Dallben se puso en pie y permaneció callado unos instantes. Todos se volvieron hacia él, y el mago se tiró brevemente de un mechón de la barba.

—Soy demasiado viejo para ser cortés —dijo Dallben —, y no tengo la intención de pronunciar un discurso de bienvenida. El asunto que nos reúne es urgente y debemos ocuparnos de él de inmediato.

«Hace poco más de un año, como algunos de los presentes tenéis buenos motivos para recordar —prosiguió Dallben, mirando hacia Taran y sus compañeros—, Arawn, Señor de Annuvin, sufrió una grave derrota al morir el Rey con Cuernos, su campeón. El poder de la Tierra de la Muerte fue contenido durante un tiempo; sin embargo, el mal no se halla nunca demasiado lejos de Prydain.

«Ninguno de nosotros es lo bastante tonto para creer que Arawn pudiera llegar a consentir ser derrotado sin oponerse —prosiguió Dallben—. Había tenido la esperanza de que hubiera más tiempo para considerar la nueva amenaza de Annuvin, pero ¡ay!, ese tiempo no va a sernos concedido. Los planes de Arawn se han hecho demasiado claros. Pido al señor Gwydion que os hable de ello.

Gwydion se puso en pie, con el rostro muy serio.

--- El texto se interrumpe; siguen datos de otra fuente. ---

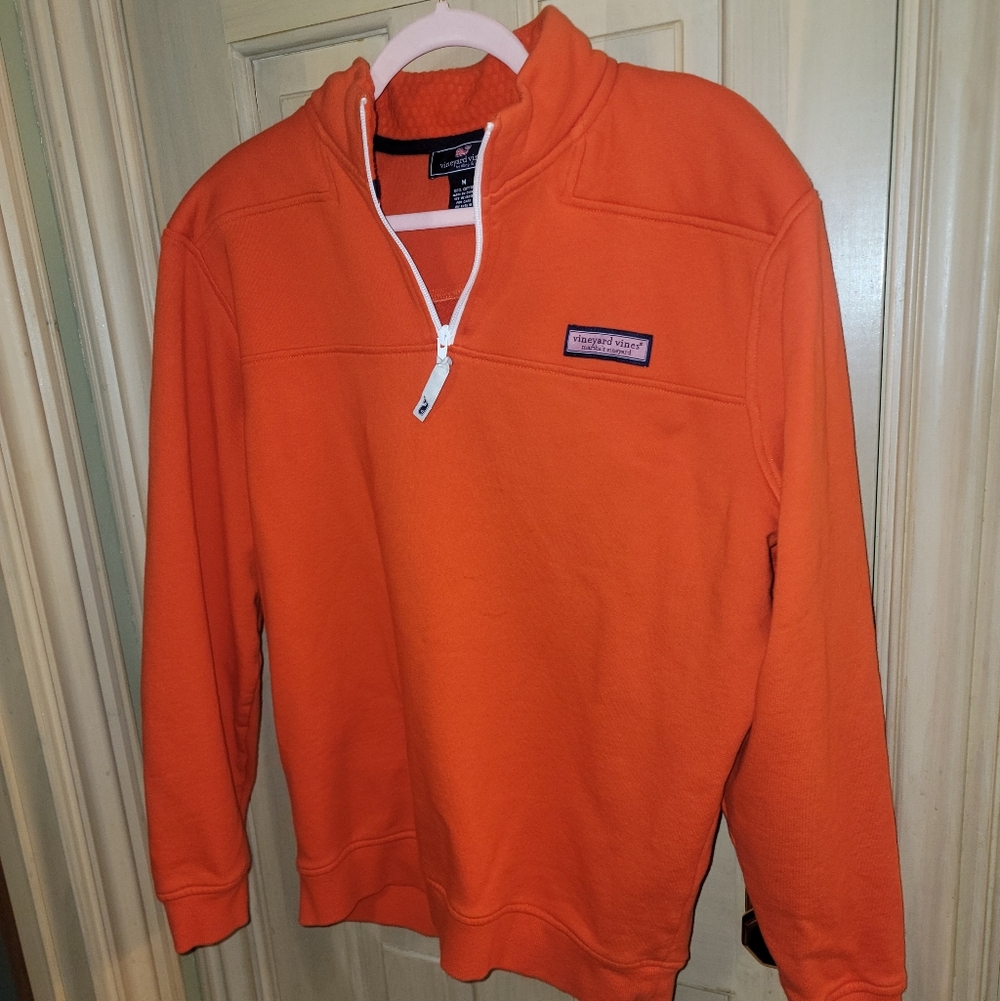 Mens Sz M Vineyard Vines Bright Orange 1/4 Zip Sweatshirt White Trim - Picture 1 of 11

—¿Quién no ha oído hablar de los Nacidos del Caldero, los guerreros mudos para los que no existe la muerte, los servidores del Señor de Annuvin? Los cadáveres robados de aquellos que mueren en la batalla son sumergidos en el caldero de Arawn para darles nueva vida. Redivivos, emergen de él tan implacables cual si fueran la misma muerte, olvidada su humanidad. Ya no son hombres sino armas de muerte, eternamente sometidas a la voluntad de Arawn.

»Para llevar a cabo esta obra abominable —siguió diciendo Gwydion—, Arawn ha profanado las tumbas y los túmulos de los guerreros caídos. Y ahora, a lo largo de todo Prydain, se han dado extrañas desapariciones; muchos hombres se han esfumado para no ser vistos nunca más, y han aparecido luego los Nacidos del Caldero en sitios donde nunca habían sido vistos. Arawn no ha permanecido ocioso. He sabido recientemente que sus servidores se atreven ahora con los vivos, a los que llevan hasta Annuvin para engrosar las filas de su hueste inmortal. De tal modo la muerte engendra muerte y el mal engendra mal.